B. Curriculum Assessment Electives - 2-4 weeks. The student will evaluate all or a portion of a course (handouts, Powerpoints, etc.) or a single topic (such as skin or female reproductive system) across all courses (or a subset of courses) and prepare a report with recommendations.
It was proposed that all SMEC curriculum assessment elective reports be provided to the Principles of Medicine Committee. It was suggested that the students doing these electives participate in a poster session, perhaps during the Basic Science for Careers course.
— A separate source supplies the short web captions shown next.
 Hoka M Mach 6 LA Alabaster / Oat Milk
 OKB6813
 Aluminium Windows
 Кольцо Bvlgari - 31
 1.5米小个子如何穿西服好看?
- SMEC USMLE Step I Board Review Course for 2nd year students: Brad Bradenham reported on plans for the second round of the Board Review course for 2nd year medical students covering 1st year course material. Course directors expressed some concern about the attendance at last year's sessions and suggested a possible change in dates so that the review course ends earlier (before students become focused on studying for the cumulative exams at the end of Core Systems). One course director pointed out that some review questions went into clinical issues beyond the capacity of a basic scientist. Some course directors suggested that some of the review course sessions be conducted by 4th year students. It was suggested that a few of the 1st year course directors meet with Brad Bradenham to work out the details for this year's review course; that meeting has been scheduled right after the October 8th meeting of the Principles of Medicine Committee. Jason Franasiak (Mulholland President) suggested that course directors revise the exam questions within individual courses to be more aligned with USMLE format.
- Cumulative Self-Assessment for Foundations of Medicine: The Curriculum Committee has decided, starting with the Class of 2012, to implement a cumulative self-assessment at the end of the Foundations of Medicine segment of the curriculum. The reasons for doing this include:
A. Concerns about trends in UVa USMLE Step 1 scores relative to national average. B.
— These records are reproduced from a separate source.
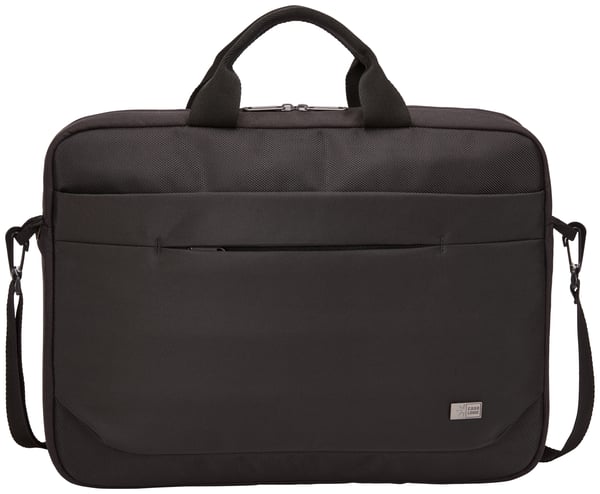 Case Logic Advantage ADVA-117 Black 43,9 cm (17.3") Överdrag Svart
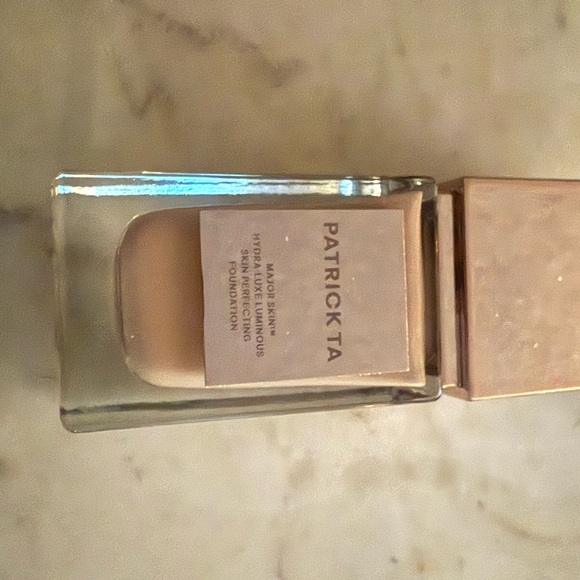 Patrick Ta Major Skin Foundation - Cream - Picture 1 of 2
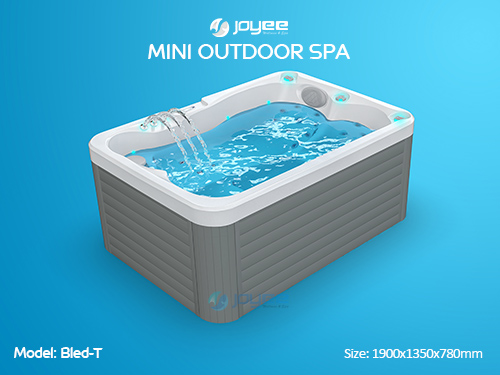JOYEE acrylic hot tub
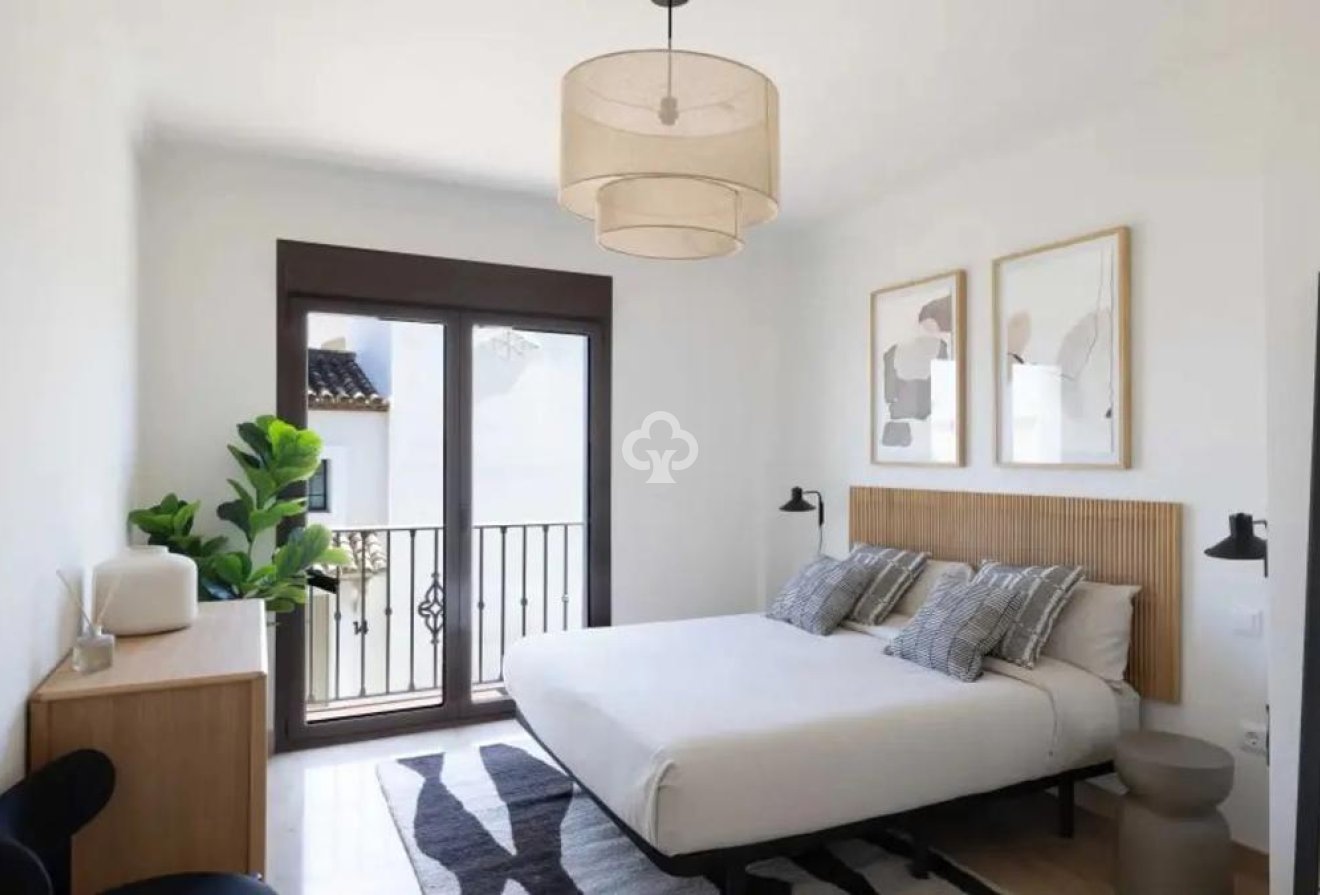 New Build - Adosados -
Estepona - Calle Perú, 1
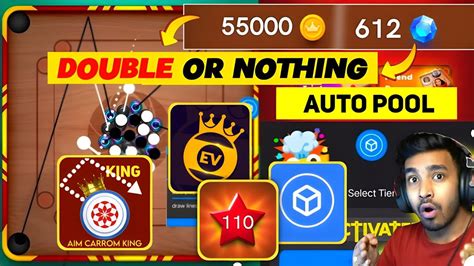 CARROM POOL NEW HACK - EASY VICTORY LOADER - YouTube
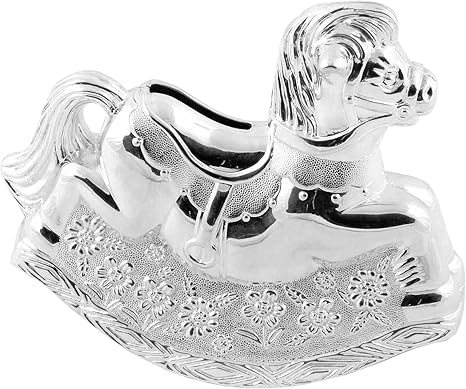 silver money box christening gifts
Provide formative feedback to medical students on their learning and retention of 1st year material soon after they have completed the Foundations of Medicine. C. Provide medical students with exposure to the USMLE Step 1 format early in their medical career.
The self assessment will be bought from NBME (National Board of Medical Examiners). It will be given via computer in the Health Sciences Library on Friday, April 24, 2009, after completion of the last set of exams and before the week of vacation that precedes Core Systems. Half the class will take it in the morning (3 hrs) and the other half of the class in the afternoon (3 hrs). All medical students will be required to take it, but there will be no passing mark; it is a formative self-assessment. Students are not expected to "study" for this. Their preparation for it is their participation in the Foundations of Medicine Curriculum and associated course exams.
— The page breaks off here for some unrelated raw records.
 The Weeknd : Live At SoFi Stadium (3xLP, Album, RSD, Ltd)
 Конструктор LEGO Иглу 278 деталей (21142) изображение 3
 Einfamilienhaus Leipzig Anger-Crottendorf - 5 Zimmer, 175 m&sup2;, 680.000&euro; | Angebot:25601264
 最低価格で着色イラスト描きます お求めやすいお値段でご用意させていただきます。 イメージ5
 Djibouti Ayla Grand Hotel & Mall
There will be three steps in preparing the self-assessment:
Building the Test Blueprint
- Select the discipline(s) to be included
- Review the content areas, entering the minimum/maximum number of items desired for each area
- Specify the minimum/maximum number of images to be included
- Indicate the types of item stems (patient vignettes, experimental vignettes) to be included
B. Generating a draft exam - done by NBME computer: The draft exam will consist of the target number of items identified (probably 150 items) plus a 100% overage of items that can be used for substitution purposes. C.
Finalizing the exam
- Define pacing of exam (40 items/hour or 50 items/hour)
- Review item content
- Use the overage pool to replace items from the draft that do not match course content
During the discussion of this self-assessment, it was suggested that clinical faculty be involved in the selection of questions and that the NBME computer-generated exam be accepted with as few exam replacements made as possible.
The next meeting of the Principles of Medicine Committee will be held on Wednesday, October 8, 2008.